In Brum itself, a student was stabbed to death in his high school by three armed individuals, at least one of whom was not a fellow student. They had returned to the school after violent interaction with classmates of the victim that morning, of which the principal was apprised before the later stabbing. The three assailants, visibly armed, returned unimpeded by school officials to the school and stabbed the plaintiff's son. The mother brought suit against the town and several town and school officials alleging that they were negligent in failing to maintain adequate security measures at the school and in failing to protect her son in the face of a known threat.

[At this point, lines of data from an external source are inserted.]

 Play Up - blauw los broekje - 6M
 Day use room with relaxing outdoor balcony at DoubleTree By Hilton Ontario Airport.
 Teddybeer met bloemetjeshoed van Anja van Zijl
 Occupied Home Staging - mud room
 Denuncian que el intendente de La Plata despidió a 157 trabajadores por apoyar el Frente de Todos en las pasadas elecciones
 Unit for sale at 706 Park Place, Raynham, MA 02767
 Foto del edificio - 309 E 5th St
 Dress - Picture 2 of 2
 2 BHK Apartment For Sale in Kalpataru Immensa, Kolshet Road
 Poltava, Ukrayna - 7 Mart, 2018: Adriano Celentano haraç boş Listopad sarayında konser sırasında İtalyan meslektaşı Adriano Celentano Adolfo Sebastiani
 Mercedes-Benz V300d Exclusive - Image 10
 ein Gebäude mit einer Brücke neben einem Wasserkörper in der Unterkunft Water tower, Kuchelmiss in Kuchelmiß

These claims were barred by § 10(j ).
Were Serrell injured by the inmate Brown rather than by the affirmative action of the intervening correctional officers, her claim as to the officers might well fail under § 10(j ), were it not for the exception to immunity provided in § 10(j )(2), which we shall discuss below. However, her claim of affirmative acts by the correctional officers bears more resemblance to the claim against the probation officer for negligently recommending a sexual predator for a job, not barred by § 10(j ), in Bonnie W. v. Commonwealth, 419 Mass. at 126, 643 N.E.2d 424, than it does to the various claims of failures to prevent or diminish harm done by third parties barred by § 10(j ) discussed in our cases. We need not rest our decision on this basis alone, however, for even if Serrell's claim against the officers were otherwise barred by § 10(j ), the exception to immunity for claims “based upon the intervention of a public employee which causes injury to the victim or places the victim in a worse position than he was in before the intervention [,]” G.L. c. 258, § 10(j )(2), would come into play.
The Superior Court judge rejected Serrell's contention that the exclusion found in § 10(j )(2) precludes summary judgment for the defendant, stating that Serrell “has not produced any evidence to substantiate her allegation that the correctional officers' intervention was carried out in a negligent manner which increased the risk of harm to her.” The record discloses, however, that the plaintiff did produce evidence which fits the § 10(j )(2) exclusion, i.e., that the officers' intervention exacerbated the situation to her detriment and, ultimately, her harm. She stated in answer to interrogatories that the officers pushed the iron gate against her while subduing Brown. Whether this course of conduct was necessary in order to rescue Brown's girlfriend and subdue Brown, and thus in the exercise of due care, or whether Brown's girlfriend could have been rescued and Brown subdued without placing bystanders at such risk of harm is a question left for the jury to decide. We read the facts in the light most favorable to Serrell, who was not required to do more in resisting summary judgment; the defendant did not meet its burden of showing that Serrell has no reasonable expectation of proving an essential element of her case at trial. See Kourouvacilis v. General Motors Corp., 410 Mass. 706, 716, 575 N.E.2d 734 (1991). Summary judgment should not have been granted.
In view of this, we need not reach the question of whether the trial court judge abused her discretion in denying Serrell's motion under Mass.R.Civ.P. 56(f) for additional time for discovery. Insofar as one theory of negligence which Serrell alleged (negligent intervention), is not barred by either § 10(b ) or § 10(j ), a reasonable time for further discovery on this theory should be permitted.
2. The Superior Court judge correctly determined that the county, as the public employer under G.L. c. 258, § 2, would be liable for any negligent acts committed by the sheriff within the scope of his employment.